1. Orchestrator is Essential

  • Solves deep call stack problems
  • Provides performance optimization
  • Enables complex workflows
  • NOT optional for production use

2. Integration is Loose but Coordinated

  • No code dependencies between repos
  • Runtime integration via CLI + REST API
  • Configuration-driven coordination
  • Works in both monorepo and multi-repo

3. Best of Both Worlds

  • Rust: High-performance coordination
  • Nushell: Flexible business logic
  • Clean separation of concerns
  • Each technology does what it’s best at

4. Multi-Repo Doesn’t Change Integration

  • Same runtime model as monorepo
  • Package installation sets up paths
  • Configuration enables discovery
  • Versioning ensures compatibility

Conclusion

The confusing example in the multi-repo doc was oversimplified. The real architecture is:

✅ Orchestrator IS USED and IS ESSENTIAL
✅ Platform (Rust) coordinates Core (Nushell) execution
✅ Loose coupling via CLI + REST API (not code dependencies)
✅ Works identically in monorepo and multi-repo
✅ Configuration-based integration (no hardcoded paths)

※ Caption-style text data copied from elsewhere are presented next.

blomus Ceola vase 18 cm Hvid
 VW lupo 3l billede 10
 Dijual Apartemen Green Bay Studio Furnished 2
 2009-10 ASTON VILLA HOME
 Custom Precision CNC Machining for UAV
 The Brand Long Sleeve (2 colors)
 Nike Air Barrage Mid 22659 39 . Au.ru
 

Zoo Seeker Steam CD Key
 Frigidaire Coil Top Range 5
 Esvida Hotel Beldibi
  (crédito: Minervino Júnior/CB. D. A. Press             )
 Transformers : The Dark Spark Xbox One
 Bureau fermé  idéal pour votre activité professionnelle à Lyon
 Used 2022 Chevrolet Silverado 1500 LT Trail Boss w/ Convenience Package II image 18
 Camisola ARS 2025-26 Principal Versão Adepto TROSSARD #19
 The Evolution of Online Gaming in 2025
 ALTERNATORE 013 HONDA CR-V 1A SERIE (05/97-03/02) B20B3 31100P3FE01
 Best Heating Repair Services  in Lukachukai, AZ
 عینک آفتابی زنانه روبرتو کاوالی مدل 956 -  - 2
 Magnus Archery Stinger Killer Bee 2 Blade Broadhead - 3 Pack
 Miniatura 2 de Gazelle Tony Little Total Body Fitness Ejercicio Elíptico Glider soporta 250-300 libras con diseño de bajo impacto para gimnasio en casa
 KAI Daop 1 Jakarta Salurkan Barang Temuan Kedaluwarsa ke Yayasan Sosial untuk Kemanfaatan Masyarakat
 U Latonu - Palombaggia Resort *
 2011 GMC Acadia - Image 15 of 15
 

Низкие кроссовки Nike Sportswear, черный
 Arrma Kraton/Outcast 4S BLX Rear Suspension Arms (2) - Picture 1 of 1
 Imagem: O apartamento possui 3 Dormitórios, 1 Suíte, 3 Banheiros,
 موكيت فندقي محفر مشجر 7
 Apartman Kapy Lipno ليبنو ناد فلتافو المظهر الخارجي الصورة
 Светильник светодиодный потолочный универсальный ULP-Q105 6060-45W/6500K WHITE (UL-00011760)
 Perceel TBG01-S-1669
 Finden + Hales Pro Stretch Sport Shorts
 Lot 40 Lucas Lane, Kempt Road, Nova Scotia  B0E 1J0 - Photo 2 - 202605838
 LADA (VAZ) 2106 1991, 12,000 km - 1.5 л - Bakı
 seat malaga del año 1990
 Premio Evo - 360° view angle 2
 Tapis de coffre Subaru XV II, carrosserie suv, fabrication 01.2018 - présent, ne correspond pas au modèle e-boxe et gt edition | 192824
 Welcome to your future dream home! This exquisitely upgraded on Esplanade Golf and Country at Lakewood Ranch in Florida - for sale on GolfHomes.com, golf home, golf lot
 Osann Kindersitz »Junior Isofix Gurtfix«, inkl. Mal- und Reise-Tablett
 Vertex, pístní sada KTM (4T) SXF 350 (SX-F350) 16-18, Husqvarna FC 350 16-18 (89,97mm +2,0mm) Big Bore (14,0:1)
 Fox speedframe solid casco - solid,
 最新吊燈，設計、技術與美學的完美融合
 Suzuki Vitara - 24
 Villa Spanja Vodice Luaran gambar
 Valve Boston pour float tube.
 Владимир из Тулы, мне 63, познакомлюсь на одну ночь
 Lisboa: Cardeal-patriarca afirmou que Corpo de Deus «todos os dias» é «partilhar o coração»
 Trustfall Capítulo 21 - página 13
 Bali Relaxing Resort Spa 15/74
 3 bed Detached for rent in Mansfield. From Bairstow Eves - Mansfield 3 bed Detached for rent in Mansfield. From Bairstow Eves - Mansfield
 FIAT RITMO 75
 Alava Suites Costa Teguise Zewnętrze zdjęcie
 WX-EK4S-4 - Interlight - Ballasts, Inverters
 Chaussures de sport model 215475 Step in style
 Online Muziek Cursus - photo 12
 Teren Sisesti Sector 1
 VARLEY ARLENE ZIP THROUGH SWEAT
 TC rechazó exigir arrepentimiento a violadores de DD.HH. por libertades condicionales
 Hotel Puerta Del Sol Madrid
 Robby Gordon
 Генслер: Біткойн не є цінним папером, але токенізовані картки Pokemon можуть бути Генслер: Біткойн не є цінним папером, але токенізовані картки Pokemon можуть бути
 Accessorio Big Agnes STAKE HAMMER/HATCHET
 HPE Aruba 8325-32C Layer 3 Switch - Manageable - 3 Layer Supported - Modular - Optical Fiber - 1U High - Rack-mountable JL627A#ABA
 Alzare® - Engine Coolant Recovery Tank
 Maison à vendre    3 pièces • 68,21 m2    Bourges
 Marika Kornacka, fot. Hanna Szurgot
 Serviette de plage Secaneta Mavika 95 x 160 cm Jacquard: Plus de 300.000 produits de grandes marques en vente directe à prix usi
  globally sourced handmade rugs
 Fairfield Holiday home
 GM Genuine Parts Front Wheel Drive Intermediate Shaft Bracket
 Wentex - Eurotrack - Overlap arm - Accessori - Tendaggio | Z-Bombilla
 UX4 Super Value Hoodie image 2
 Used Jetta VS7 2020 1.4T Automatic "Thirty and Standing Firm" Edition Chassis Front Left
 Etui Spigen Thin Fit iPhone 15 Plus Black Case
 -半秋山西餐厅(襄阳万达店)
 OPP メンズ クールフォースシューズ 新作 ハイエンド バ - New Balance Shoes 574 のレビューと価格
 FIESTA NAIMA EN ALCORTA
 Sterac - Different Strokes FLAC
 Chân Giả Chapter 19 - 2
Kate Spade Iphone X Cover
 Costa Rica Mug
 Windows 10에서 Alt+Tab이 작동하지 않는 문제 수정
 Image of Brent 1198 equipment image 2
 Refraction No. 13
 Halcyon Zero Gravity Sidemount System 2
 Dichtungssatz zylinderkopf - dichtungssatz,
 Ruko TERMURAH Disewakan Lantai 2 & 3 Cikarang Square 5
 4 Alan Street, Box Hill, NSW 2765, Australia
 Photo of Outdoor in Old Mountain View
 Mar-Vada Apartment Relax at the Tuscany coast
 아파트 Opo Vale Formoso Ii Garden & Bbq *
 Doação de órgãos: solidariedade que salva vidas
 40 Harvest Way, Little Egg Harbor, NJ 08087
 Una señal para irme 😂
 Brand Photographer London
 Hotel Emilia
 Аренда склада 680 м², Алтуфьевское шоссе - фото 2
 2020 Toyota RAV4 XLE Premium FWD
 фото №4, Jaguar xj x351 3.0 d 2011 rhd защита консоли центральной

The orchestrator provides:

  • Performance layer (async, parallel execution)
  • Workflow engine (complex dependencies)
  • State management (checkpoints, recovery)
  • Task queue (reliable execution)

While Nushell provides:

  • Business logic (providers, taskservs, clusters)
  • Template rendering (Jinja2 via nu_plugin_tera)
  • Configuration management (KCL integration)
  • User-facing scripting

Multi-repo just splits WHERE the code lives, not HOW it works together.